**WHAT YOU WILL DO:** Reproduce the opening lines of the listing below exactly, stopping after the line that contains "The CM36DG Spectrophotometer" and leaving out any pictures.

**MATERIAL PROVIDED:**
• • • •

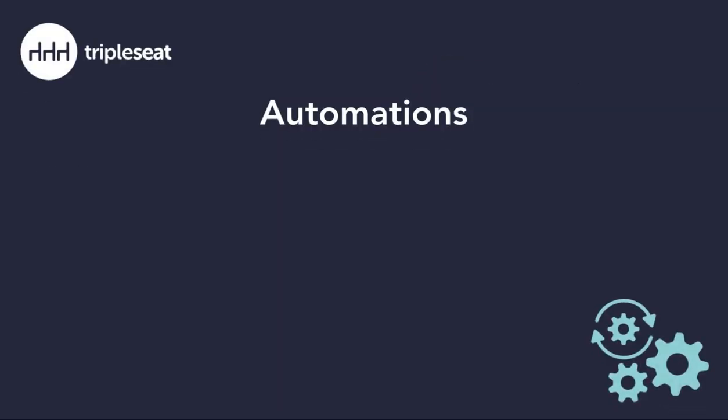Hi everyone! In this video, we will explore how to create automations that streamline your unique workflows within Triple Seat.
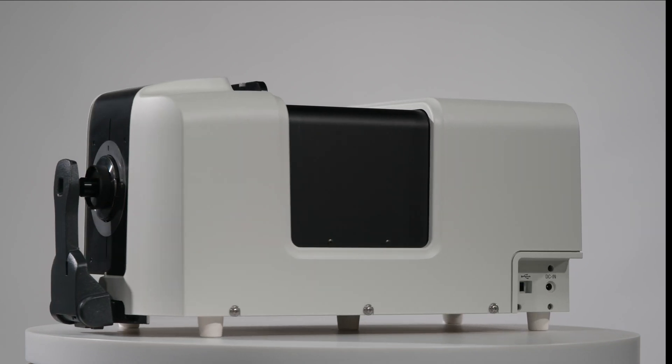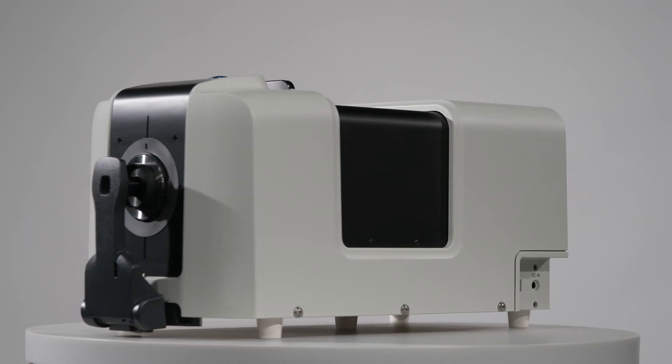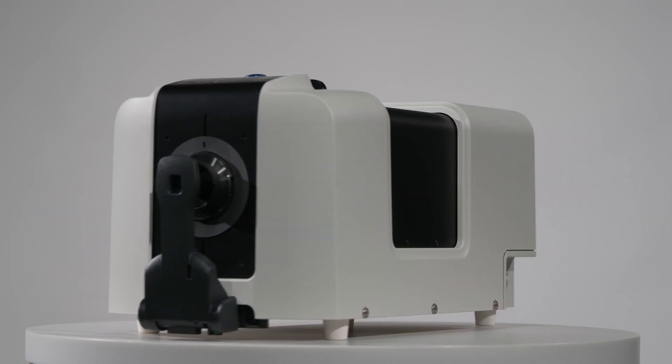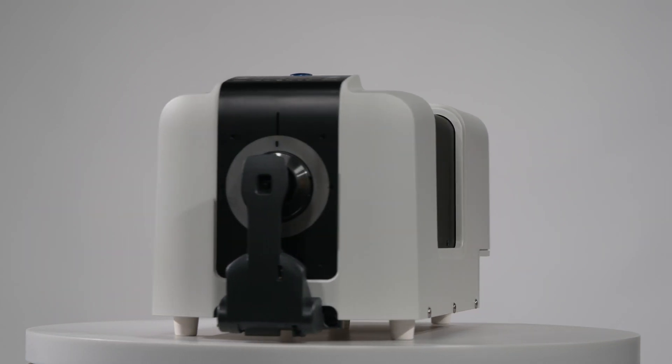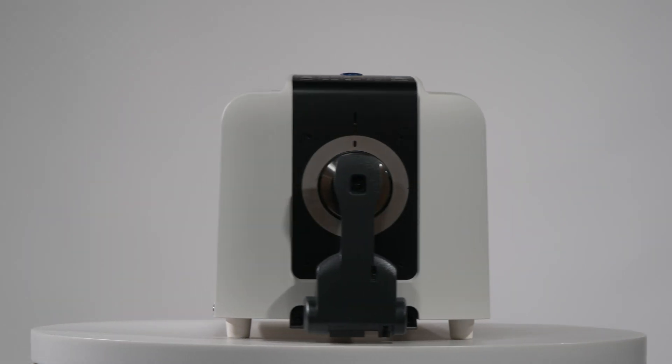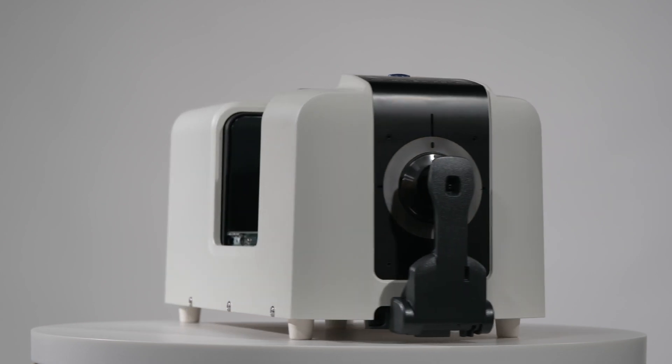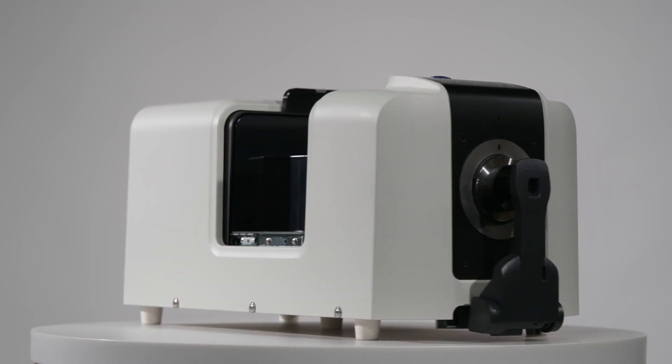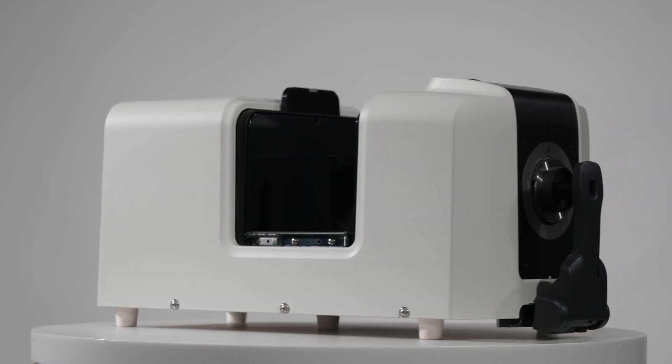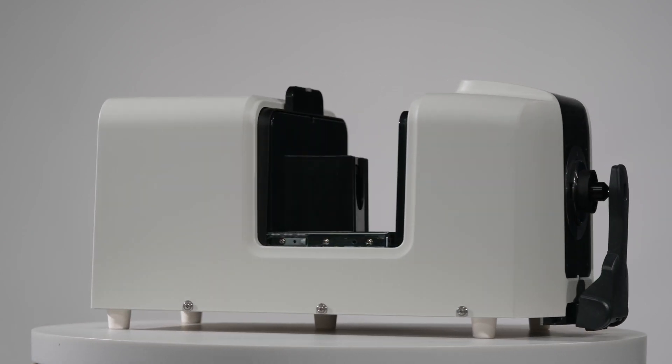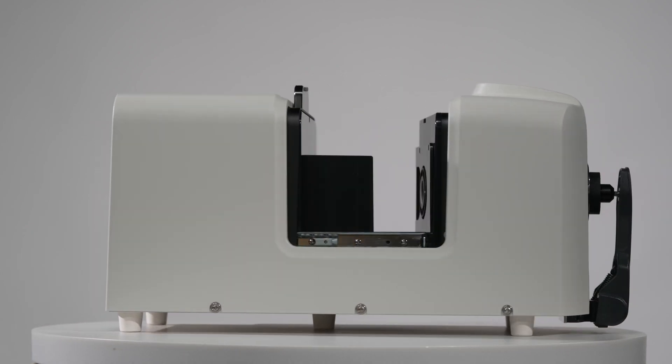The CM36DG Spectrophotometer from Konica Minolta Sensing is a highly accurate, easy-to-use benchtop instrument that allows users to measure color and gloss in the same reading.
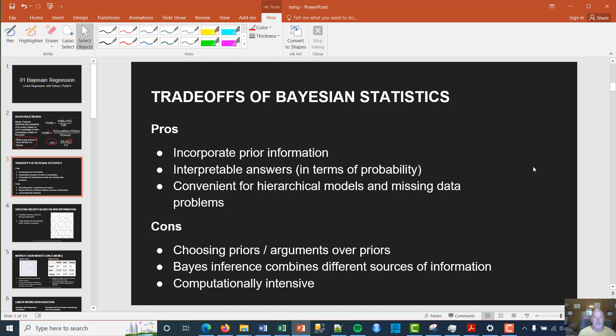Some cons: how do you choose a prior? There are methods for that — elicitation techniques for Bayesian priors — and I could even do a session on that. In the science community there is debate over priors; some say Bayesian methods are subjective, but it turns out all probability is subjective. Also, Bayesian inference combines different sources of information, so the results may come from the prior or from the experiment, and there are ways to quantify that. Finally, they are computationally intensive, though that has been largely overcome, enabling more and more Bayesian computation.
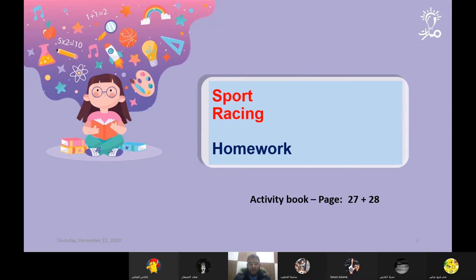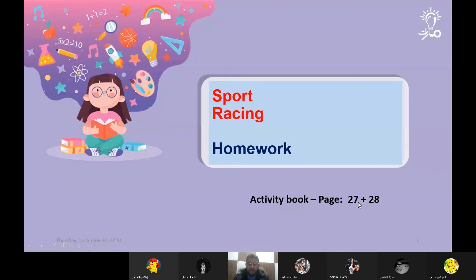Okay dear students, today we are going to do a homework about a text called 'The Sport: Animal Racing.' اليوم طلابي راح نحل الوظيفة حول درس الماضي - درس الرياضة، السباق. موجود طبعاً الوظيفة بالأكتيفتي بوك، كتاب النشاط، بيج 27 و 28. اذاً كتاب النشاط للصف العاشر، صفحة 27 وصفحة 28.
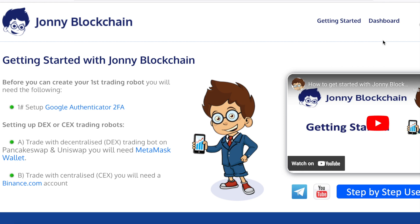In this video I'm going to show you how to set up your first trading robot. Now we need to check that you've got a few things in place.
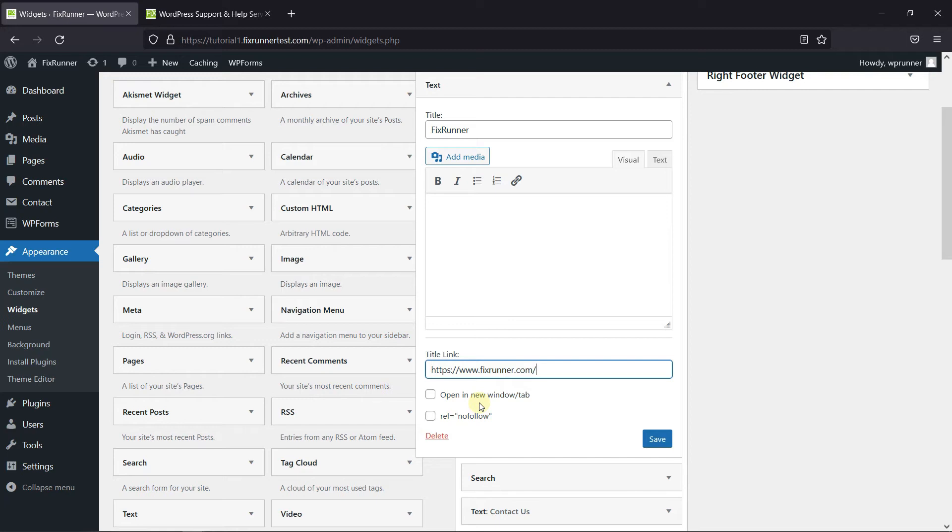You can choose to open the link in a new window and add No Follow from here. Then click on Save.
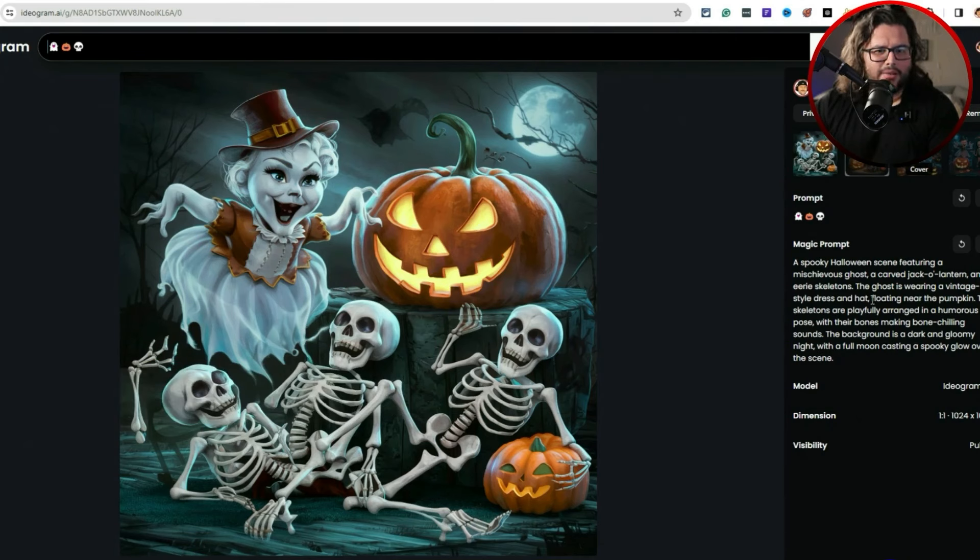I took the same emojis from the blog and copied them over to test. The magic prompt it created is clean — it's doing a good job. For the Halloween emoji test, the magic prompt generated: 'a spooky Halloween scene featuring a mischievous ghost, a jack-o'-lantern, and eerie skeletons, the ghost wearing a vintage dress and hat, floating nearby.' That came out really clean. The emoji-to-prompt conversion worked well, and the image itself looks dope.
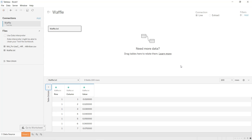Hello guys and welcome to this new Tableau tutorial. In this video I will show you how to create a waffle chart in Tableau. A waffle chart is used to display the percentage of a given category, or in other words to show the progress of a given category using colored squares.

• • • •

**WRITTEN REPLY:**
Hi everyone! In this video, we will explore how to create automations that streamline your unique workflows within Triple Seat.
The CM36DG Spectrophotometer from Konica Minolta Sensing is a highly accurate, easy-to-use benchtop instrument that allows users to measure color and gloss in the same reading.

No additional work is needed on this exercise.